■ Work required:
Read the data below line by line and copy each one with "Double" in it.
*** Opening Provided records ***
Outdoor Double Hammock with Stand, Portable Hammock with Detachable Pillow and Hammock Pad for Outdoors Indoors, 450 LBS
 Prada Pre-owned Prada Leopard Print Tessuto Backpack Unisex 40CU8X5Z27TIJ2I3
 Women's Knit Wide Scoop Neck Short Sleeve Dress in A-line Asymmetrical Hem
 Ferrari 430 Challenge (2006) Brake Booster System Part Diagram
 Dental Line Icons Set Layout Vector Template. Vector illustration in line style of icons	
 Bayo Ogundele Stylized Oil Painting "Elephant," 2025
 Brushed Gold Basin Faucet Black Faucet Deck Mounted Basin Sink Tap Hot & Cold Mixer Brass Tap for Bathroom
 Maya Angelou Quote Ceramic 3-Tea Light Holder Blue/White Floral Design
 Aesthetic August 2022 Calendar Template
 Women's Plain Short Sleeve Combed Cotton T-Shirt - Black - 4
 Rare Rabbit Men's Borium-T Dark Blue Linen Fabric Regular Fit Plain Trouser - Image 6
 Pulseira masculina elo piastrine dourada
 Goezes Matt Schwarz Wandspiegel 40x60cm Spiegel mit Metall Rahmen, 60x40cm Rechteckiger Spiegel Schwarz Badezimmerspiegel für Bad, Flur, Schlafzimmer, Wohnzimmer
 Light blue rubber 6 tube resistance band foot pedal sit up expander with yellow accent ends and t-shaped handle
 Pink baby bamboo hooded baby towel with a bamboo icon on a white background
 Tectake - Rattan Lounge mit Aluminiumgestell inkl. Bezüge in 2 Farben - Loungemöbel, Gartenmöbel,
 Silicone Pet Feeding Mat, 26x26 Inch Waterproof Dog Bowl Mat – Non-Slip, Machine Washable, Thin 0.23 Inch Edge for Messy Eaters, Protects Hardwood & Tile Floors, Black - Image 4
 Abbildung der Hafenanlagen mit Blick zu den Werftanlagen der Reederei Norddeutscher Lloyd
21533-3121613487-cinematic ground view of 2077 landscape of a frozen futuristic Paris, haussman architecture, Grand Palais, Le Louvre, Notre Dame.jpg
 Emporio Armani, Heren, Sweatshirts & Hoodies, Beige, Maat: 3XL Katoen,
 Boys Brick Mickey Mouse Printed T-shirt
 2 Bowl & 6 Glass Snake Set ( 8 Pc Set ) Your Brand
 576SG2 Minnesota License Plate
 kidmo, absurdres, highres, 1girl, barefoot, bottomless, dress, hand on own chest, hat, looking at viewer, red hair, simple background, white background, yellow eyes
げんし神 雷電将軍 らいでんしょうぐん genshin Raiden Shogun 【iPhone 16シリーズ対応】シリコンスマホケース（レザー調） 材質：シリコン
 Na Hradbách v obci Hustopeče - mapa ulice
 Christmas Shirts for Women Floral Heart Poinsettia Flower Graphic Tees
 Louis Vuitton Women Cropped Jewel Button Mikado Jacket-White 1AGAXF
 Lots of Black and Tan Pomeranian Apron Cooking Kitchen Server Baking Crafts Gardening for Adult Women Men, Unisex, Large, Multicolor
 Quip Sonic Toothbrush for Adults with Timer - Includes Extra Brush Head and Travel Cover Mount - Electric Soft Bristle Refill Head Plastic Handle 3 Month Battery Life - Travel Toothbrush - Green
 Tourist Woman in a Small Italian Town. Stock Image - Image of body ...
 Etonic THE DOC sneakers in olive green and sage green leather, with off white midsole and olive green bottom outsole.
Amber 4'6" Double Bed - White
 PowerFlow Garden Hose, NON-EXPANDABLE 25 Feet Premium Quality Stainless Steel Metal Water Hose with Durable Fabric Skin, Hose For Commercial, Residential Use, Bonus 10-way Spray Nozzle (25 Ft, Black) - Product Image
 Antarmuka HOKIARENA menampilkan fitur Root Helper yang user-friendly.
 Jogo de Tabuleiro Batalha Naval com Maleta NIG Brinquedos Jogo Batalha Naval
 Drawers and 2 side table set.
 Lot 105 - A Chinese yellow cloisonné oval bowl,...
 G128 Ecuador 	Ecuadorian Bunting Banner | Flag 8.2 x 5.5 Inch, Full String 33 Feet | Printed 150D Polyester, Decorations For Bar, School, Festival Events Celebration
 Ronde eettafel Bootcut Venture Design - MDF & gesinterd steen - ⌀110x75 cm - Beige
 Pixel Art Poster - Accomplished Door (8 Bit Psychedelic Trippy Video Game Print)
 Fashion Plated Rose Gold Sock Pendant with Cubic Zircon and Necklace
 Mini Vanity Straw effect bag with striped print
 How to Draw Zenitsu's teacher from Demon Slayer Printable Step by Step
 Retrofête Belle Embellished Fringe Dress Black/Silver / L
*** Closing Provided records ***
■ Result:
Outdoor Double Hammock with Stand, Portable Hammock with Detachable Pillow and Hammock Pad for Outdoors Indoors, 450 LBS
Amber 4'6" Double Bed - White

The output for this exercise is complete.